Anne-Robert-Jacques Turgot, well acquainted with attempts to rationalize activities of the French state, also concerned himself with the connections of language, logic, and mathematics. He suggested that "The study of language, if well done, would perhaps be the best of logics," since language served as both the "expression" and the "measure" of thought. Language exemplified Turgot's view of progress as passage through various states of perfection, each state accompanied by new symbols. For Turgot, as his biographer Frank Manuel has explained, the language of mathematics could serve as "an impregnable barrier against retrogression"—"the armor of numbers and equations" in defense of reason. Turgot's protégé Condorcet also envisioned a philosophical language, clad in algebraic notation, applicable to all of knowledge and assured, by virtue of its mathematical foundation, of precision.
Among those who thought that the whole matter of language and its relation to thought bore reexamination were the idéologues , who, building upon the ideas of Condillac, Turgot, and Condorcet, launched a thorough review of the question of signs and thought. Idéologie (the term was introduced by Destutt de Tracy) tackled the analysis of sensations and ideas, and drew upon the 18th-century discussion of general grammar and logic. The Institut national de France, and in particular its Classe des sciences morales et politiques,
proved to be a hotbed of Idéologie , and its members debated vigorously the connection between signs and thought.

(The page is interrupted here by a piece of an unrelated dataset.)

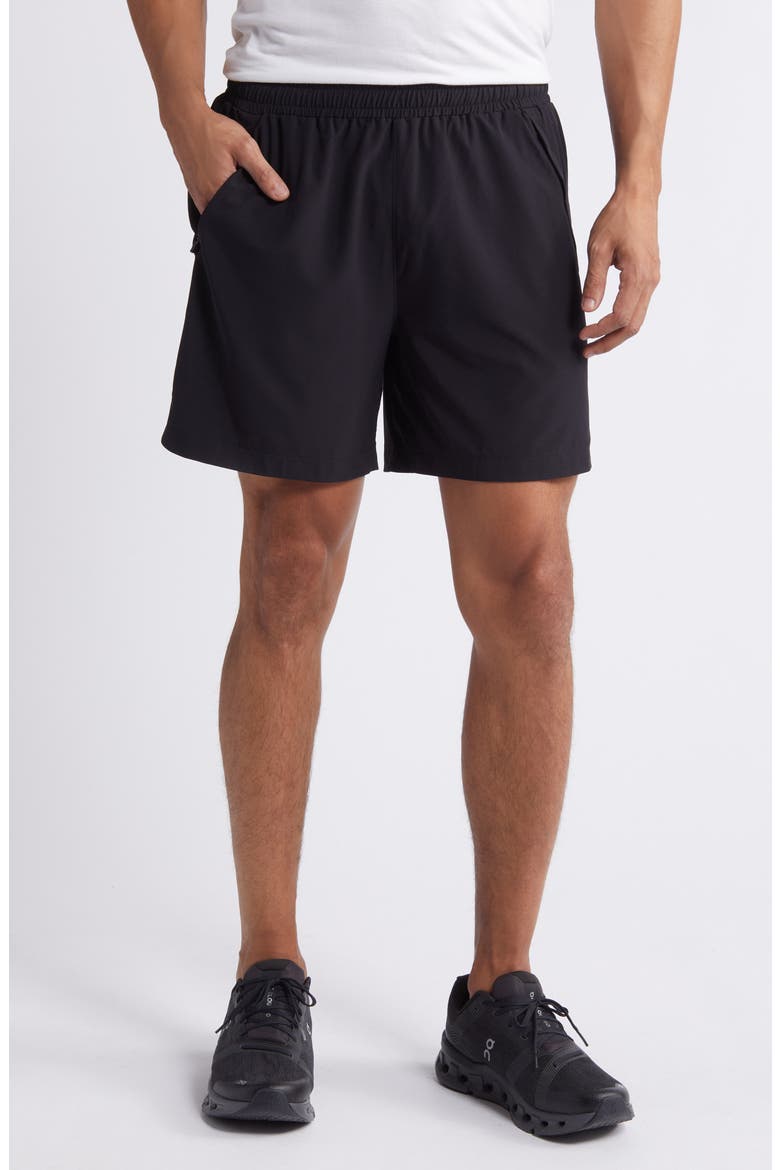 Racquet 6-Inch Athletic Shorts, Main, color, BLACK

To encourage consideration of this issue, the Classe set as its first prize question, "To determine the influence of signs on the formation of ideas."
Among the entries was an essay by P.F. Lancelin. His work received honorable mention, and in expanded form was subsequently published under the title Introduction à l'analyse des sciences, ou de la génération, des fondemens, et des instruments de nos connoissances. As the title page announced, Lancelin aimed at nothing less than the perfection of human reason. He saw language as the lever of the mind and the perfection of language as the best mechanism for assuring the reign of reason and for avoiding error and prejudice. The mechanical metaphor is worth noting. As an Ingénieur-constructeur de la Marine française, Lancelin was a product of the technical training establishment in France, and his "analysis of the sciences" bears the stamp of his training, which saluted the military virtues of mathematics and mechanics. Lancelin's intent was to take apart the human mind in the same way an engineer takes apart a machine.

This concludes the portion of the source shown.